Worse, actually; the average annual number of sick days taken by staff at the FCA was 6.5 days last year.
The national average, according to the Office for National Statistics last year, was 4.3 days. So this means the regulator’s staff took two more sick days than the average British worker.
It’s a good idea to put this into perspective, as 137m working days were lost in the UK from illness and injury in 2016 and this was the lowest rate since 1993 when it was 7.2 days.
The revelation was in the regulator’s 140-page annual report when it also revealed that it now employs 3,422 people, up over 130 from the start to the end of the year.
News like this is met with the inevitable reaction of ‘skivers’ or ‘slackers’. But there is plenty of research that for every one person who is ‘faking it’ there are at least 10 people who rock up for work when they are in no fit state to do so.

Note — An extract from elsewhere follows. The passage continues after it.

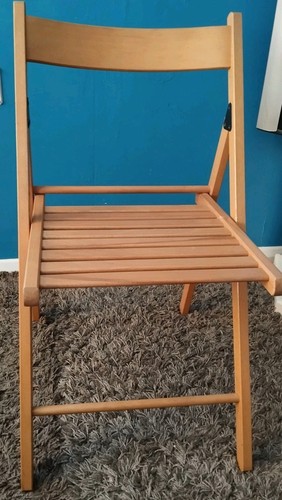 Vintage Solid Wooden Retro Folding Chair Camping Garden Dining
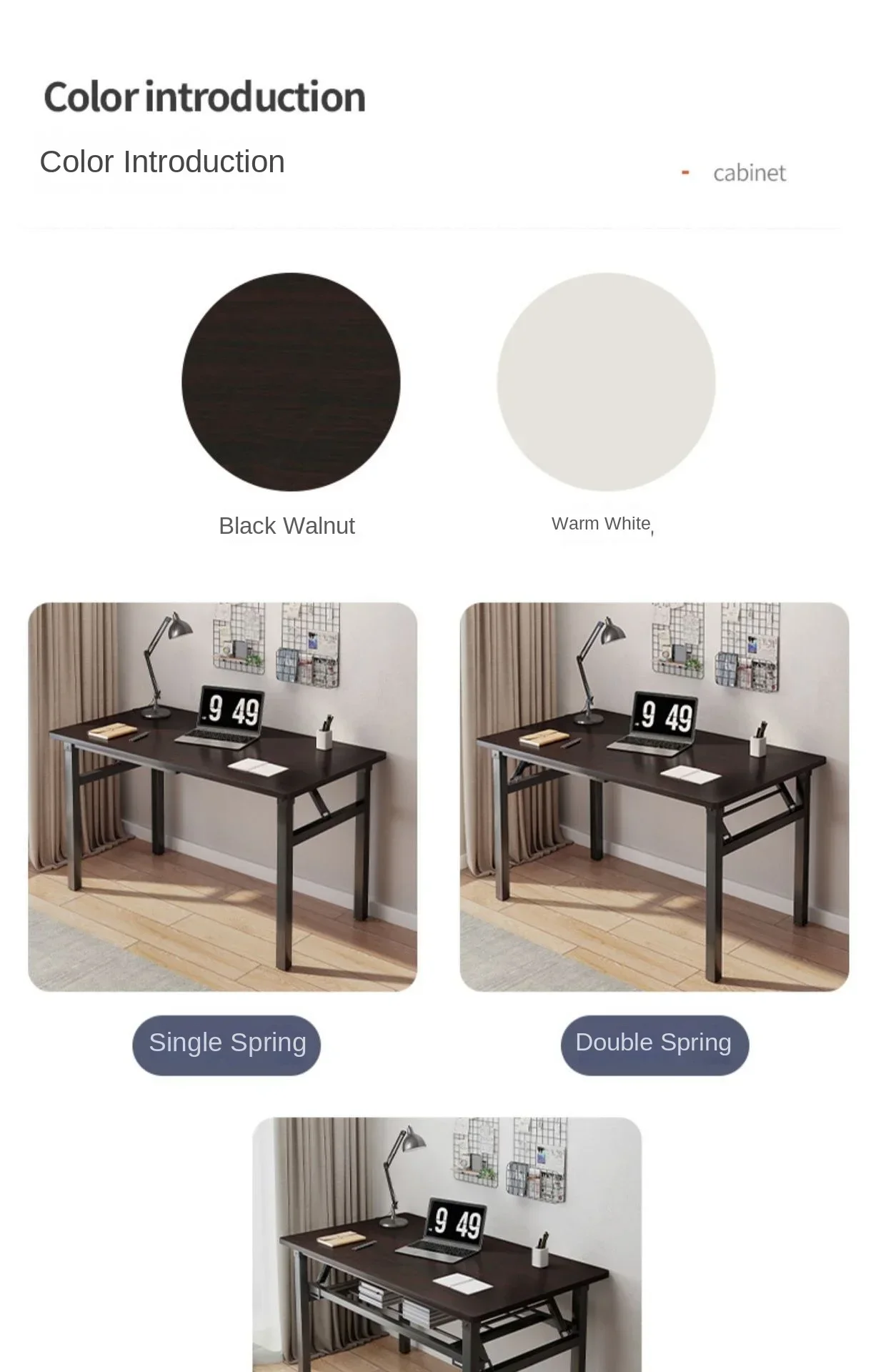 Home furnitureFoldable Computer Table Desktop Desk Home Desk Bedroom Rental House Small Table Simple Study Writing Desk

This so-called ‘presenteeism’ has been dubbed by experts as an epidemic in itself. Many believe employer scare tactics - the ‘you are lucky enough to have a job’ mentality that has emerged from the recession - have left people scared not to turn up to work for fear of losing their job.
The irony is that they are ultimately risking losing their job and their employer money, by risking their long-term health by not resting when they are sick.
It could be these higher than average figures are down to responsible employment encouraging people to stay off work when they are sick. Most of the workers at the FCA will not be on six figure salaries, and many will have taken on their roles as civil servants with the ultimate aim of doing their bit to protect the consumer.
We are, at the end of the day, all dispensable to our employers, but not to our families.